**DATASET EXTRACT**.
-- Opening Marker --

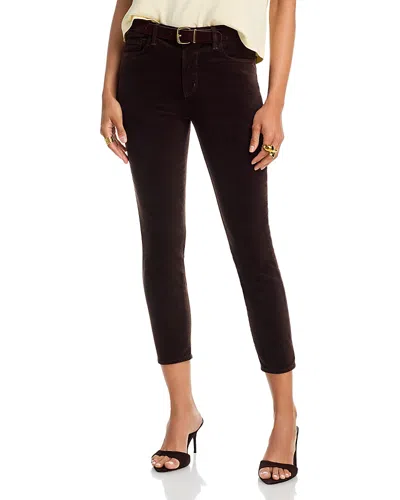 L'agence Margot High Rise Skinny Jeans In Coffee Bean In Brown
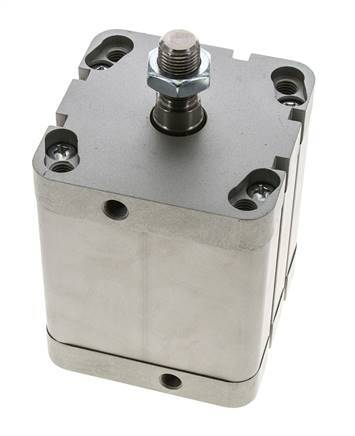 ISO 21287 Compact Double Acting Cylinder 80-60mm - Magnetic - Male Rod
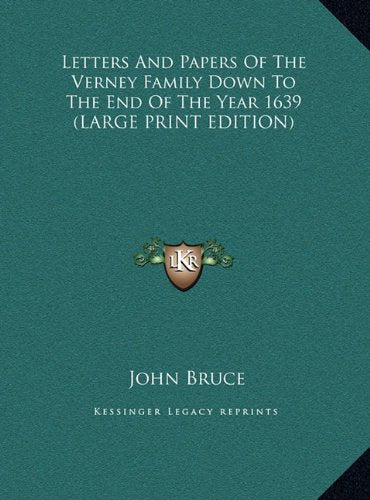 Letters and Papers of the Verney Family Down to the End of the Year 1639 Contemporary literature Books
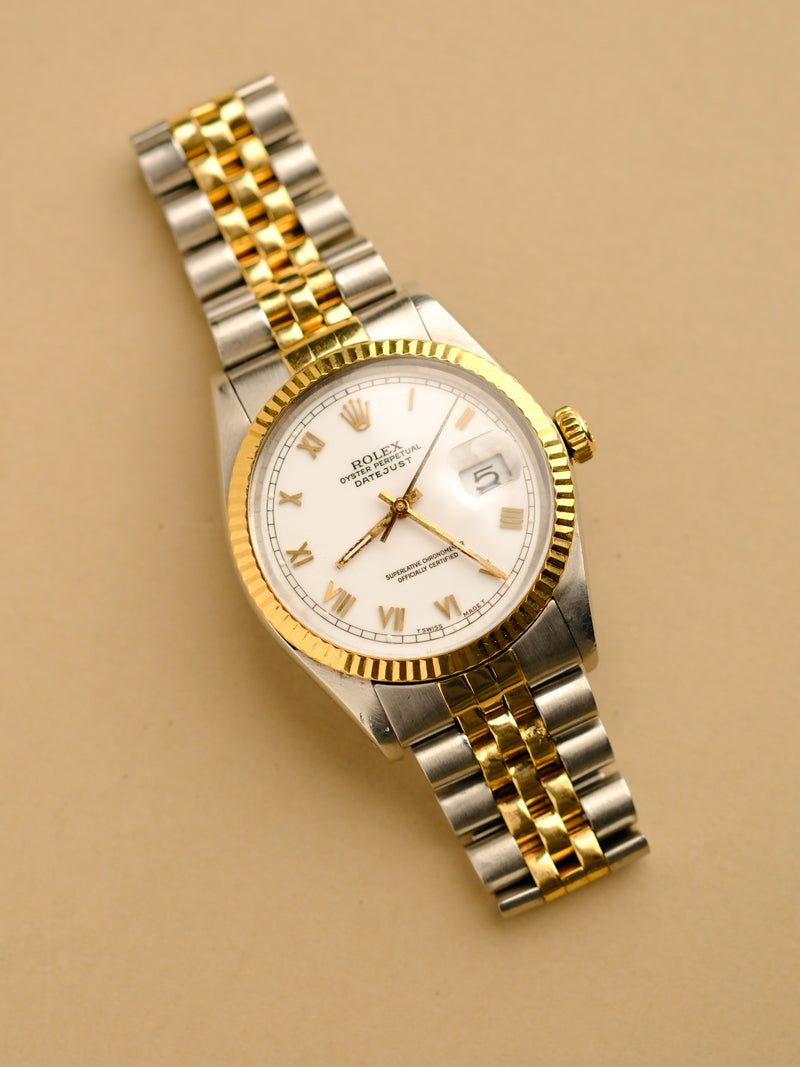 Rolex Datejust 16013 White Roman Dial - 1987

-- Closing Marker --

**TASK STATEMENT**. Repeat verbatim the lines from the one holding "Letters and Papers" through the end of the listing above, both ends included, but not the pictures.

**RESULT OF THE EXERCISE**.
 Letters and Papers of the Verney Family Down to the End of the Year 1639 Contemporary literature Books
 Rolex Datejust 16013 White Roman Dial - 1987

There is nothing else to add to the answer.